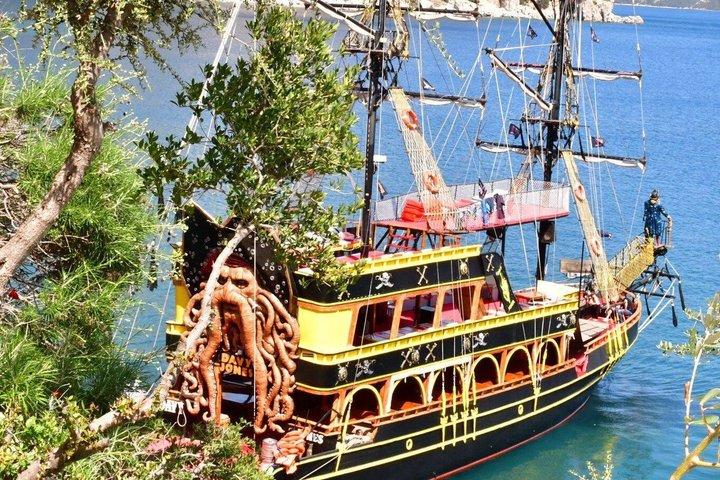 Croisière en bateau familiale sur le thème des pirates de Marmaris avec déjeuner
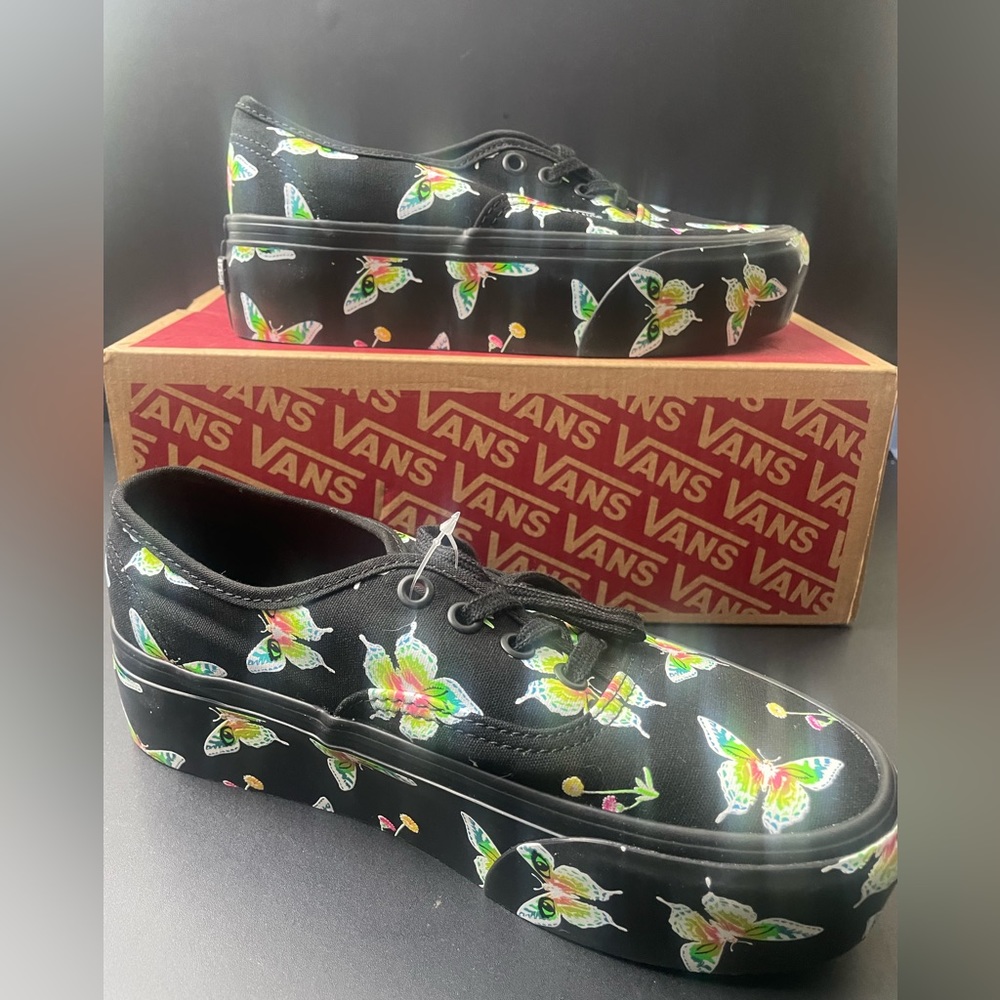New in box VANS Stackform Platform Shoes Womens 7 Glow In The Dark butterfly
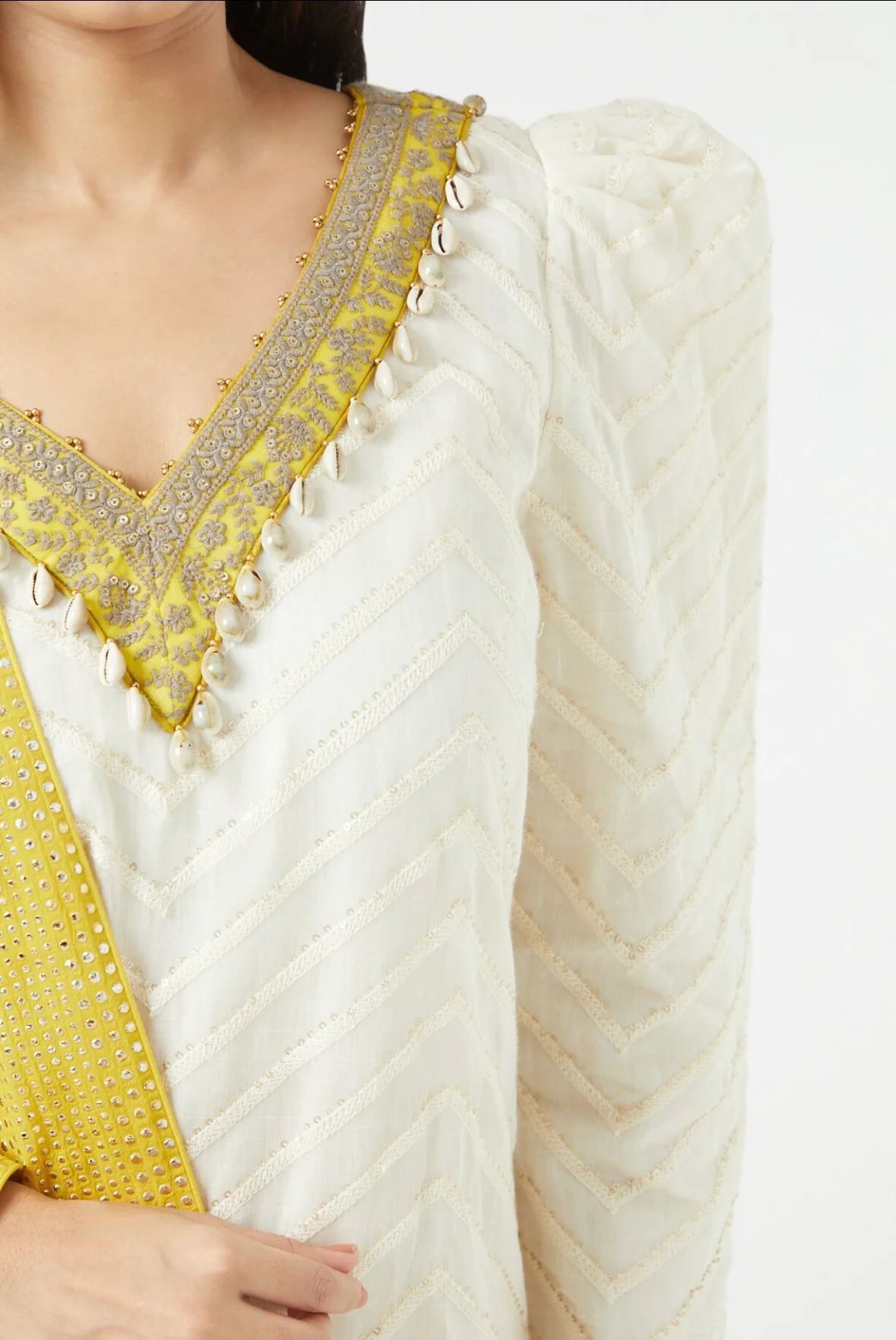 Shilpa Shetty in yellow garara set - Image 5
-.-.-
* _Work order_: Word for word, restate all of the material above except its pictures.

* _Exercise response_:
 Croisière en bateau familiale sur le thème des pirates de Marmaris avec déjeuner
New in box VANS Stackform Platform Shoes Womens 7 Glow In The Dark butterfly
 Shilpa Shetty in yellow garara set - Image 5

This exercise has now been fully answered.